И ходил я, ходил этот вечер с своею думою по моей пустой скучной зале и до тех пор доходился, пока вдруг мне пришла в голову мысль: пробежать самому пустыню.

Таким образом я надеялся уяснить себе если не все, то по крайней мере очень многое. Да, признаюсь вам, и освежиться хотелось.

Для совершения этого пути мне, при моей неопытности, нужен был товарищ, который хорошо бы знал инородческий язык; но какого же товарища лучше желать, как Кириака? И, не откладывая этого по своей нетерпеливости в долгий ящик, я призвал Кириака к себе, открыл ему свой план и велел собираться.

Он не противоречил, а, напротив, казалось, был даже очень рад и, улыбаясь, повторял:

– Бог в помощь! Бог в помощь!

Откладывать было незачем, и мы на другое же утро раным-рано отпели обеденку, оделись оба по-туземному и выехали, держа путь к самому северу, где мой зырянин апостольствовал.

Глава шестая

Лихо прокатили мы первый день на доброй тройке и все беседовали с отцом Кириаком. Любезный старик рассказывал мне интересные истории из инородческих религиозных преданий, из коих меня особенно занимала повесть о пятистах путешественниках, которые под руководством одного книжника, по-ихнему – "обушия", пустились путешествовать по земле в то еще время, когда "победивший силу бесовскую и отринувший все слабости" бог Шигемуни гостеприимствовал "непочатыми яствами" в Ширвасе. Повесть эта тем интересна, что в ней чувствуется весь склад и дух религиозной фантазии этого народа. Пятьсот путников, предводимые обушием, встречают духа, который, чтобы устрашить их, принимает самый ужасный и отвратительный вид и спрашивает: "Есть ли у вас такие чудовища?" – "Есть гораздо страшнее", – отвечал обуший. "Кто же они?" – "Все те, которые завистливы, жадны, лживы и мстительны; они по смерти становятся чудовищами гораздо тебя страшнее и гаже". Дух скрылся и, превратясь где-то в человека, такого сухого и тощего, что даже жилы его пристали к костям, опять появился пред путниками и говорит: "Есть ли у вас такие люди?" – "Как же, – отвечает обуший, – гораздо суше тебя есть – таковы все, любящие почести".

– Гм! – перебил я Кириака, – это, – говорю, – смотри, уже не на нас ли, архиереев, мораль пущена?
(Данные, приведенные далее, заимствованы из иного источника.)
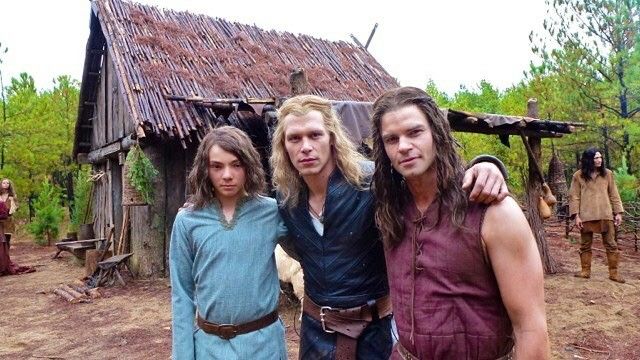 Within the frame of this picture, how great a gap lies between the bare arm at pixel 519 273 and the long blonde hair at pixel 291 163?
780mm

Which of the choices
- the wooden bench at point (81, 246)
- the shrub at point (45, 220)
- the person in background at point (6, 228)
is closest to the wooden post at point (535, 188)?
the wooden bench at point (81, 246)

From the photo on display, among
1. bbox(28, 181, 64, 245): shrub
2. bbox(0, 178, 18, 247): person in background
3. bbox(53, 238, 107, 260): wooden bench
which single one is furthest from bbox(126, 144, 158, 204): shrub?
bbox(28, 181, 64, 245): shrub

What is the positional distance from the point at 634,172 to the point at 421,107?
13314 millimetres

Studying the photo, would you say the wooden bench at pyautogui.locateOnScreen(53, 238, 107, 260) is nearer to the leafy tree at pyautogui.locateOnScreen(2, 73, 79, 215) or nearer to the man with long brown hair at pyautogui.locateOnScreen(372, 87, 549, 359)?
the leafy tree at pyautogui.locateOnScreen(2, 73, 79, 215)

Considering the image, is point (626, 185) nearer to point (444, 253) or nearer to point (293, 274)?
point (293, 274)

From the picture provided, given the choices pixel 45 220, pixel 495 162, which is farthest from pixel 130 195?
pixel 45 220

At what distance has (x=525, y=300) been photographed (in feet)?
4.36

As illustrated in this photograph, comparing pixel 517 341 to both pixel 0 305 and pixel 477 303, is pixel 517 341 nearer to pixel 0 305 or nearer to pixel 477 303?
pixel 477 303

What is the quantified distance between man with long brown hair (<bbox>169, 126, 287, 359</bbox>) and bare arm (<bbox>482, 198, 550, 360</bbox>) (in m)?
1.07

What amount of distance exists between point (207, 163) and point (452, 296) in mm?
1227

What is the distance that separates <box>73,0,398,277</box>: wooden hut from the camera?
7590 millimetres

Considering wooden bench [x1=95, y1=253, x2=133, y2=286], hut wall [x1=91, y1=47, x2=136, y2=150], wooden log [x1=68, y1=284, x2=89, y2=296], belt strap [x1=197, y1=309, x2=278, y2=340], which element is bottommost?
wooden log [x1=68, y1=284, x2=89, y2=296]

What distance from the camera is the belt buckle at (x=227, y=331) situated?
2.05 m

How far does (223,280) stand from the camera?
2.07 meters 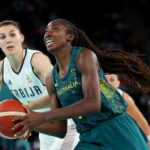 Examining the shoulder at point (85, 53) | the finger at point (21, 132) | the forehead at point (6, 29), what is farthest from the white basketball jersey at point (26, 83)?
the finger at point (21, 132)

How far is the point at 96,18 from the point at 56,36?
33.8 ft

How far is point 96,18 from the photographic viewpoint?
42.4 feet

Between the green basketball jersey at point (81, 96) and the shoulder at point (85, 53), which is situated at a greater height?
the shoulder at point (85, 53)

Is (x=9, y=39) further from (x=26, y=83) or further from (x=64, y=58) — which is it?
(x=64, y=58)

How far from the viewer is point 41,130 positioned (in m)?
2.84

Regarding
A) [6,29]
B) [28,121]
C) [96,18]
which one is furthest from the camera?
[96,18]

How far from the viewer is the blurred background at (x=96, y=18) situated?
1136 centimetres

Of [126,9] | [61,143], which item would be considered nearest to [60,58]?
[61,143]

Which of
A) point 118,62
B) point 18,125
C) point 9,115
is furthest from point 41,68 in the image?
point 18,125

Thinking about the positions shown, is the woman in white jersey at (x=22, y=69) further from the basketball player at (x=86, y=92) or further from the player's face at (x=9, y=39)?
the basketball player at (x=86, y=92)

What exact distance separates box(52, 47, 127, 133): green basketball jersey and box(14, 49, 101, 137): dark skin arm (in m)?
0.12

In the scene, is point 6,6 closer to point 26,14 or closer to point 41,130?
point 26,14

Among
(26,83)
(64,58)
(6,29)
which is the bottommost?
(26,83)

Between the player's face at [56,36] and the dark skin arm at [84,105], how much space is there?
10.4 inches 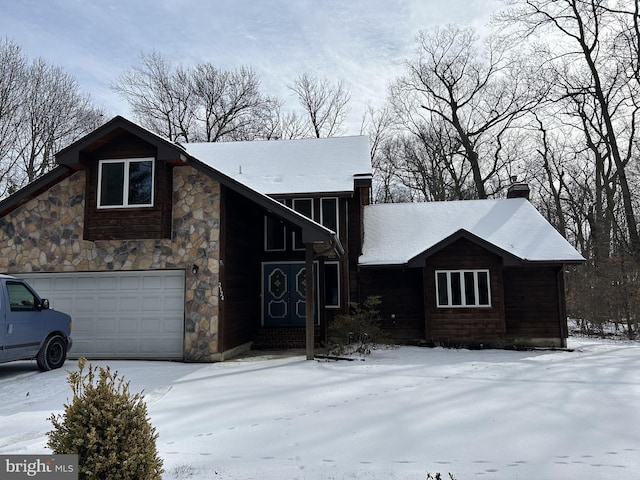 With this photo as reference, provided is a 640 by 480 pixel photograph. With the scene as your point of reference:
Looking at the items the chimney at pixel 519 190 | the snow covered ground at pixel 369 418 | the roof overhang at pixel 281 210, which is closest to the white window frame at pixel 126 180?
the roof overhang at pixel 281 210

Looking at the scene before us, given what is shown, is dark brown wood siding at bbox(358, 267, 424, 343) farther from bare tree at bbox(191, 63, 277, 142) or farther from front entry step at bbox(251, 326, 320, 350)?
bare tree at bbox(191, 63, 277, 142)

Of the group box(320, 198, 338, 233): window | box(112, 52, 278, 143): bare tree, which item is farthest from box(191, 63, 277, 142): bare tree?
box(320, 198, 338, 233): window

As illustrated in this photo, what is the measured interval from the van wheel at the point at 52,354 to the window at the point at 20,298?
2.81 feet

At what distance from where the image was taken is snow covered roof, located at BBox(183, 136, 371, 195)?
14938 mm

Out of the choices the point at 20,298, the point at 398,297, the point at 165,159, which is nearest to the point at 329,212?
the point at 398,297

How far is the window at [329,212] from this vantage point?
48.5 ft

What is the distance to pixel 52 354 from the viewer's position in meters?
9.10

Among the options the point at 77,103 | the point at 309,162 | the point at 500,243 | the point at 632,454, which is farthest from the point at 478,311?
the point at 77,103

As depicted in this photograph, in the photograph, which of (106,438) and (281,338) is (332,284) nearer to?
(281,338)

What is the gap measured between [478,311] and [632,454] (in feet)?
31.2

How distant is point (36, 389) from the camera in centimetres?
741

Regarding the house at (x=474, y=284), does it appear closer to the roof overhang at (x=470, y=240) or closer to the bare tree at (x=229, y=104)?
the roof overhang at (x=470, y=240)

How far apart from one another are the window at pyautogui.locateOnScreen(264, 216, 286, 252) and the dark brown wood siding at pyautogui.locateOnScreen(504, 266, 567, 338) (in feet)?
24.2

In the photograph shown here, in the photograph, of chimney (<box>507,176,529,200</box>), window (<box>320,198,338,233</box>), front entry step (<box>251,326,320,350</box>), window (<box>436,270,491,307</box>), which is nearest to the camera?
front entry step (<box>251,326,320,350</box>) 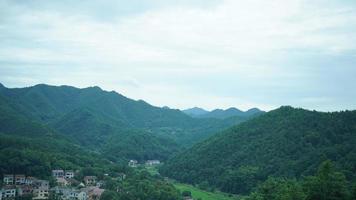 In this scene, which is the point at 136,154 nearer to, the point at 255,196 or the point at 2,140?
the point at 2,140

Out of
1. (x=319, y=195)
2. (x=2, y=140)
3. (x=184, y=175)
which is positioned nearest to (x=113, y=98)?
(x=184, y=175)

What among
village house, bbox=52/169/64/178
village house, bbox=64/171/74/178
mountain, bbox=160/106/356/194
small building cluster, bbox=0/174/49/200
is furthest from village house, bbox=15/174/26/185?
mountain, bbox=160/106/356/194

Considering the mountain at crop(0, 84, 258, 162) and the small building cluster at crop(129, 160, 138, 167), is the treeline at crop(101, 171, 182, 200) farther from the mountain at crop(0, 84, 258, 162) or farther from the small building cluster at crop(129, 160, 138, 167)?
the small building cluster at crop(129, 160, 138, 167)

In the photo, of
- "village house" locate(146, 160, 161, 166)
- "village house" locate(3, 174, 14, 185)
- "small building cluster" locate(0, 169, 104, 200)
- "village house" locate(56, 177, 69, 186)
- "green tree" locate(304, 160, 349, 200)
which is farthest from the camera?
"village house" locate(146, 160, 161, 166)

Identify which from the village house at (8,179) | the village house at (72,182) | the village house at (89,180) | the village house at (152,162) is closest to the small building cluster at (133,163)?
the village house at (152,162)

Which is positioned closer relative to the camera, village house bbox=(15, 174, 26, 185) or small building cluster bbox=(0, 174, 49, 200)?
small building cluster bbox=(0, 174, 49, 200)

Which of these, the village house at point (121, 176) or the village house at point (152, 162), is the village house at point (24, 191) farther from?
the village house at point (152, 162) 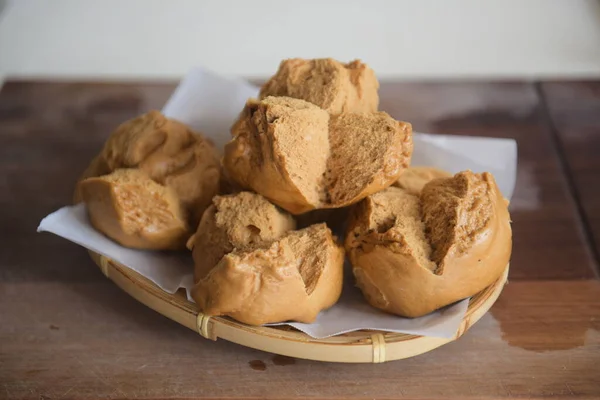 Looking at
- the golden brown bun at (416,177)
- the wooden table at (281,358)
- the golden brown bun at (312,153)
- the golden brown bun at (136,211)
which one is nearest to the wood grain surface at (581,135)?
the wooden table at (281,358)

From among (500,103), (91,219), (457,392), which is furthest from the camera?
(500,103)

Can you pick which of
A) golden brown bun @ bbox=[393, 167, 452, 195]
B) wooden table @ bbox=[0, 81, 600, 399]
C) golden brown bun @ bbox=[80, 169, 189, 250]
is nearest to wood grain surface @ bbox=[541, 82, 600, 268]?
wooden table @ bbox=[0, 81, 600, 399]

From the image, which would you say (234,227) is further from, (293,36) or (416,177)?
(293,36)

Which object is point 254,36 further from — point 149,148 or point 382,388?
point 382,388

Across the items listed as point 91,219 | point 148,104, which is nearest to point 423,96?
point 148,104

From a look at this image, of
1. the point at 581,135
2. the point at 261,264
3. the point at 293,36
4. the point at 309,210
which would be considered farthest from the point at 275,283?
the point at 293,36

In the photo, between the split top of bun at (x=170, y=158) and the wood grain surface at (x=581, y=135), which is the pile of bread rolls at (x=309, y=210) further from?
the wood grain surface at (x=581, y=135)

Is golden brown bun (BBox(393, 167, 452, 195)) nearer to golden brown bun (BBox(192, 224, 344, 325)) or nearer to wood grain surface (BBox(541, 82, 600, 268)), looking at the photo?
golden brown bun (BBox(192, 224, 344, 325)) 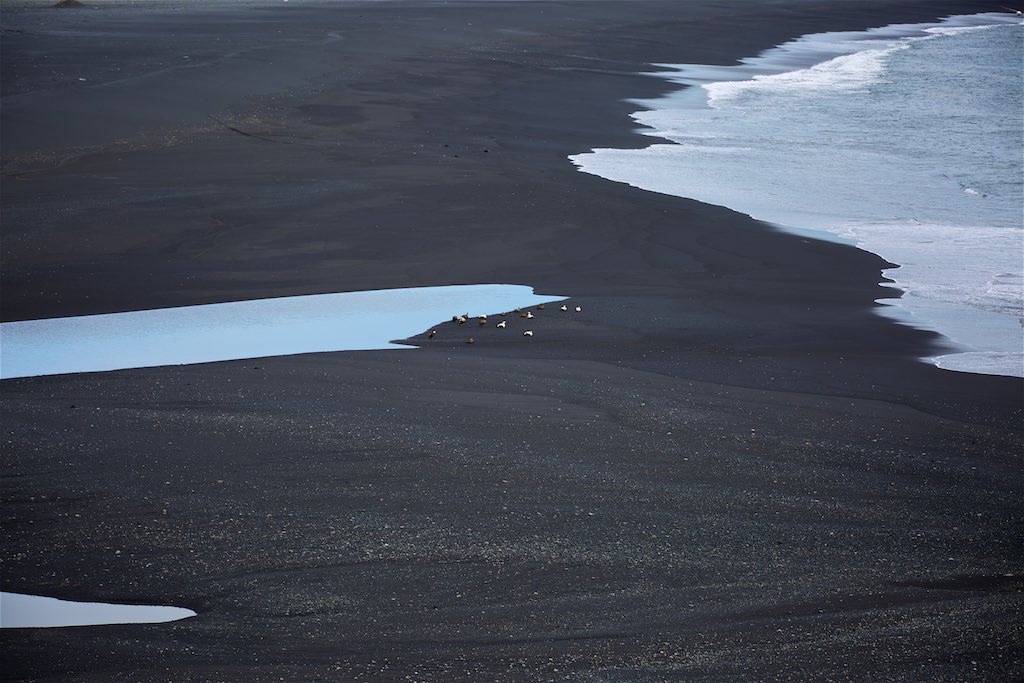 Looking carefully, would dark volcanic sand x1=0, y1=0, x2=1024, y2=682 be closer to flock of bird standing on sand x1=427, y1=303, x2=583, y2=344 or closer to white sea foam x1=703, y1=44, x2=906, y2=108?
flock of bird standing on sand x1=427, y1=303, x2=583, y2=344

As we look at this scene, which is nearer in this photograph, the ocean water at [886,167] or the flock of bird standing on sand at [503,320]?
the flock of bird standing on sand at [503,320]

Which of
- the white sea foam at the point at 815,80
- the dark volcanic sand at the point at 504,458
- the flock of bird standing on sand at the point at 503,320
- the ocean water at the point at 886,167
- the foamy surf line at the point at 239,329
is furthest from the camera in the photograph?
the white sea foam at the point at 815,80

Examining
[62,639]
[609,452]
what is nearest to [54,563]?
[62,639]

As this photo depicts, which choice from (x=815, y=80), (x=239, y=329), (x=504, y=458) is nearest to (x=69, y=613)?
(x=504, y=458)

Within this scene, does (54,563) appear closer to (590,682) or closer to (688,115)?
(590,682)

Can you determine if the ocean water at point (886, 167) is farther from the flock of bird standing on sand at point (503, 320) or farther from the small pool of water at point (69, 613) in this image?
the small pool of water at point (69, 613)

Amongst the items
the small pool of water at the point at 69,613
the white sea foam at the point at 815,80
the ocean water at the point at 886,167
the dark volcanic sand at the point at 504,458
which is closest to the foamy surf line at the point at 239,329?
the dark volcanic sand at the point at 504,458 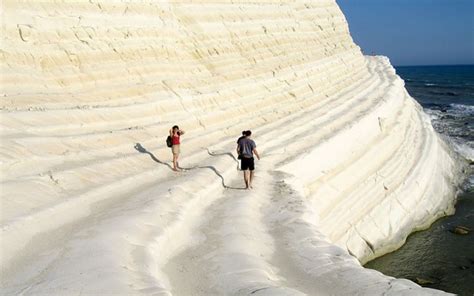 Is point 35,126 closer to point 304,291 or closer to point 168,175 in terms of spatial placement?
point 168,175

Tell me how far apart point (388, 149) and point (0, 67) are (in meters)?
10.9

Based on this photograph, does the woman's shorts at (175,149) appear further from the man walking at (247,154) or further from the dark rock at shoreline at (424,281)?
the dark rock at shoreline at (424,281)

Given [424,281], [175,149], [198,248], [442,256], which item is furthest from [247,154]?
[442,256]

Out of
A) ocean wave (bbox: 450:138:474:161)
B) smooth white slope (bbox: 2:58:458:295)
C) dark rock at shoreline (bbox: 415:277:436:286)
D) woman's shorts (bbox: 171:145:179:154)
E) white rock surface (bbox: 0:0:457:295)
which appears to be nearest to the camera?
smooth white slope (bbox: 2:58:458:295)

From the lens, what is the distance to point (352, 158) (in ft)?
41.7

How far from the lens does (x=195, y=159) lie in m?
9.57

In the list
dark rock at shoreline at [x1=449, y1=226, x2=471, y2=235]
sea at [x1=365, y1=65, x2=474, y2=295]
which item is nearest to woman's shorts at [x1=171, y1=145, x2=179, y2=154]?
sea at [x1=365, y1=65, x2=474, y2=295]

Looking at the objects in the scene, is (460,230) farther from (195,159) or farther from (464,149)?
(464,149)

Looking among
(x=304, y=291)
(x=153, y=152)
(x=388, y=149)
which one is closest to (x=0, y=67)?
(x=153, y=152)

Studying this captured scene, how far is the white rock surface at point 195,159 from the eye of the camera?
17.1ft

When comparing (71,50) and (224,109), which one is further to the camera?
(224,109)

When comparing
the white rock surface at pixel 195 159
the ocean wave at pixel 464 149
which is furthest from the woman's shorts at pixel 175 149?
the ocean wave at pixel 464 149

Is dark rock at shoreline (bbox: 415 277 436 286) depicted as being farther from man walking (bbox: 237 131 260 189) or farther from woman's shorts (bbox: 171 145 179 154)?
woman's shorts (bbox: 171 145 179 154)

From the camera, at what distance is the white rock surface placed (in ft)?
17.1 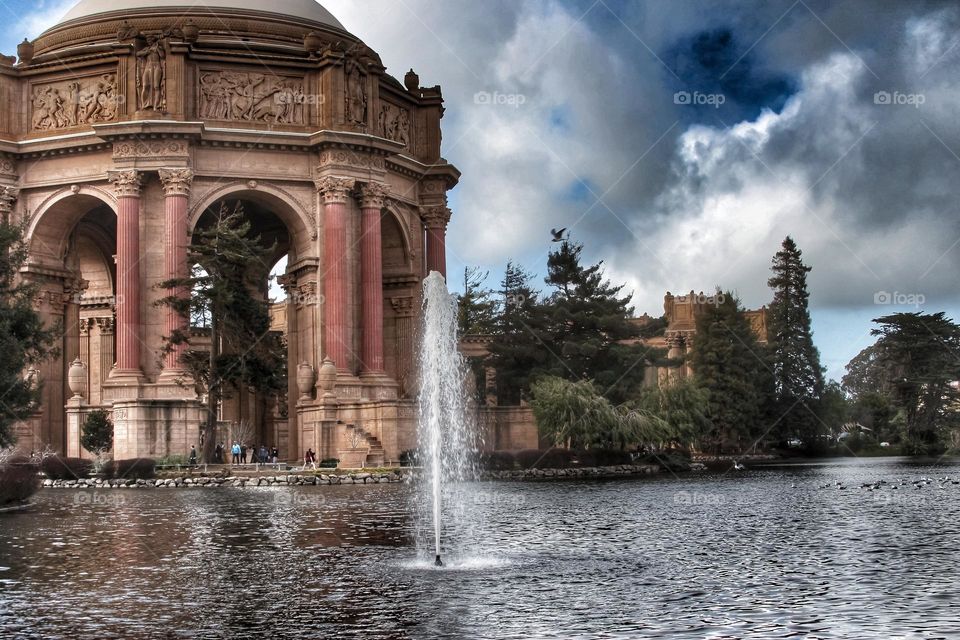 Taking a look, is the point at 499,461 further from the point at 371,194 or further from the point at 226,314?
the point at 371,194

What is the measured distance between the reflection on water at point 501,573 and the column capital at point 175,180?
2694 cm

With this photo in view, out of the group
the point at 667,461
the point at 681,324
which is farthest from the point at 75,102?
the point at 681,324

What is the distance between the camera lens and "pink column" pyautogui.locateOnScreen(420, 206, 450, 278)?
60375mm

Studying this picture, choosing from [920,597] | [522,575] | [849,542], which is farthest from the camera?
[849,542]

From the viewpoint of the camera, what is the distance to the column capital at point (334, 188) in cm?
5275

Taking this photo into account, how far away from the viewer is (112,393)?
49.2 metres

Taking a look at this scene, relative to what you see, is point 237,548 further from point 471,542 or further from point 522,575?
point 522,575

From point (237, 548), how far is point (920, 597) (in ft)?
31.6

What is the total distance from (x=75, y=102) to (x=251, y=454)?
694 inches

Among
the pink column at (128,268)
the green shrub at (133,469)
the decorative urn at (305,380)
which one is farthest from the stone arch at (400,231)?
the green shrub at (133,469)

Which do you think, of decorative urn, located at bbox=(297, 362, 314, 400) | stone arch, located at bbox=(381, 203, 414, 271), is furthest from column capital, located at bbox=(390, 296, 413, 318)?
decorative urn, located at bbox=(297, 362, 314, 400)

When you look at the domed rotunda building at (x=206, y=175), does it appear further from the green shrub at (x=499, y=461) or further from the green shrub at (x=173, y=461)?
the green shrub at (x=499, y=461)

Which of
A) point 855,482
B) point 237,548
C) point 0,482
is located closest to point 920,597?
point 237,548

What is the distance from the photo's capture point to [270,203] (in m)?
54.3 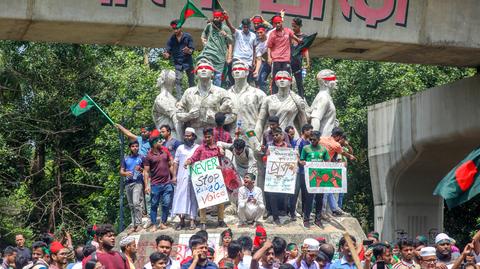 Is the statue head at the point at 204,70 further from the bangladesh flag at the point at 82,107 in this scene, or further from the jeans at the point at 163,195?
the bangladesh flag at the point at 82,107

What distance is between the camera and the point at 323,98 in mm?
21781

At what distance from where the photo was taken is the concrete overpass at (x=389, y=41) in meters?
24.2

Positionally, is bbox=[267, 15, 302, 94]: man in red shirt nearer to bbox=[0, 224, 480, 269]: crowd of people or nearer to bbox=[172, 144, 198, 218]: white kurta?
bbox=[172, 144, 198, 218]: white kurta

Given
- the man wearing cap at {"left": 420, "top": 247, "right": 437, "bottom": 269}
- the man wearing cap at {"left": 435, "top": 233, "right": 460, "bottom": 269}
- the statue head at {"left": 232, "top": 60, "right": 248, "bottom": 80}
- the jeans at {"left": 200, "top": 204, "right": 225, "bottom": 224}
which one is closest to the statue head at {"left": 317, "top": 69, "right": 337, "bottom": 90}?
the statue head at {"left": 232, "top": 60, "right": 248, "bottom": 80}

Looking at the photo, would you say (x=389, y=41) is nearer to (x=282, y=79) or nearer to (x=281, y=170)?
(x=282, y=79)

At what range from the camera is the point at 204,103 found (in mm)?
20750

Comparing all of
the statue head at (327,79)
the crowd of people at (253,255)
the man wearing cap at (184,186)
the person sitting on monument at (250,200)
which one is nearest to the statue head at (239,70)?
the statue head at (327,79)

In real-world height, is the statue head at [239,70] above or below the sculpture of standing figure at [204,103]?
above

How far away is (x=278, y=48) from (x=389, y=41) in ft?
15.8

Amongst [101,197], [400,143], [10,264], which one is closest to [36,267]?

– А бог весть, владыко, – и продолжает: – По некотором времени дух явился в виде прекрасного юноши и говорит: "А вот такие у вас есть ли?" – "Как же, – отвечает обуший, – между людьми есть несравненно тебя прекраснее, это те, которые имеют острое понятие и, очистив свои чувства, благоговеют к трем изяществам: богу, вере и святости. Сии столь тебя красивее, что ты пред ними никуда не годишься". Дух рассердился и стал экзаменовать обушия другими манерами. Он зачерпнул в горсть воды: "Где, говорит, больше воды: в море или в горсти?" – "В горсти более", – отвечал обуший. "Докажи". – "Ну и докажу: по видимому судя, кажется в море действительно более воды, чем в горсти, но когда придет время разрушения мира и из нынешнего солнца выступит другое, огнепалящее, то оно иссушит на земле все воды – и большие и малые: и моря, и ручьи, и потоки, и сама Сумбер-гора (Атлас) рассыпется; а кто при жизни напоил своею горстью уста жаждущего или обмыл своею рукою раны нищего, того горсть воды семь солнц не иссушат, а, напротив того, будут только ее расширять и тем самым увеличивать…" – Право, как вы хотите, а ведь это не совсем глупо, господа? – вопросил, приостановясь на минуту, рассказчик, – а? Нет, взаправду, как вы это находите?

– Очень не глупо, совсем не глупо, владыко.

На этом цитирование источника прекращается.